If you’re familiar with either of the group’s previous full lengths or their demo, one element you’ll be looking for on Sagrada tierra del jaguar is the use of traditional pre-Hispanic instruments and right from the start of “Entre lluvias Fuertes” you’re greeted with these elements. The initial build-up of this song feels like it immediately transports you to an entirely different time and place, and there’s a mystical and hypnotic quality to the instrumentation that the group utilizes for the entirety of the album. Unlike some of the other metal bands out there that have incorporated traditional instrumentation from their cultural heritages, Yaotl Mictlan seamlessly integrates these elements into their songs and rather than being utilized merely as interludes or intros they feel like they’ve been woven into the fabric of each piece alongside the guitar, bass, and drums. This enhances the sheer amount of atmosphere the material is able to generate, and the further into the album you get the more powerful and entrancing the arrangements seem to get. The biggest change Sagrada tierra del jaguar has over its predecessors is the more fluid nature of the songwriting, which seems to be centered around even more epic and intense climaxes than before and can provide more twists and turns than ever before. “Coatlique” gives an early example of Yaotl Mictlan’s ability to transform early in the album, as it starts off with a methodical cadence and sweeping melodies that give way to a stunning whirlwind of blasting and swirling melodies that feel like they’re sending you off to battle by the end. The fluidity of some of the tracks gave off some hints of Negative Plane at times and the sheer power of the build-ups reminded me of recent USBM artists like Sanguine Eagle, but this group retains an identity of their own and the songwriting consistently keeps you firmly under its grasp. My only complaint is the almost eleven minute closer “Sombra del Mictlan” felt just a bit dragged out but given the staying power of the other tracks this doesn’t hurt the listening experience too much.

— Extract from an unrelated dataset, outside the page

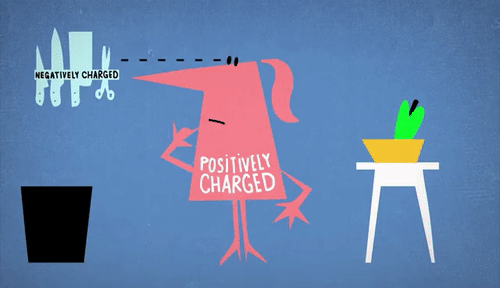 อาการไฟช็อต หรือ ไฟฟ้าสถิตในคน เกิดจากอะไร ? (How is Static Electricity happened ?) อาการไฟช็อต หรือ ไฟฟ้าสถิตในคน เกิดจากอะไร ? (How is Static Electricity happened ?)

The vocals could’ve easily just stuck with abrasive screaming for the entire album and it would’ve fit the approach Yaotl Mictlan was going for, but instead they are much more dynamic and offer almost as many twists and turns as the instrumentation. On “Entre lluvias Fuertes” you’re greeted with raspy screams that remind me a bit of Ihsahn, but there are back-up vocals that are lower in pitch, and while these styles are the most prominent throughout the album you’ll find spoken word, chants, and all sorts of other harsh vocal ranges. Black metal’s often a genre where a band’s vocals settle into a single harsh scream or growl and doesn’t deviate from them, but there are a lot of subtle changes from one song to the next on Sagrada tierra del jaguar that give it additional depth. It’s a testament to the band’s craft that every aspect of their music can immerse you into ancient traditions and helps to further set them apart.
Yaotl Mictlan’s second album Dentro del manto gris de Chaac made an impression on me in 2010, and I’ve found myself thinking of this band in the years since and wondering when they’d resurface. It may have taken a decade for that to happen, but they’ve progressed in leaps and bounds with instrumentation that’s powerful and hypnotic in equal capacity. The more fluid nature of the songwriting results in multiple peaks that are genuinely stunning, and while there are still a handful of moments that feel a bit too stretched out this is easily still the band’s strongest showing to date. Set some time aside for this album and prepare to be swept away, as it has a lot to offer. Sagrada tierra del jaguaris available from American Line Productions.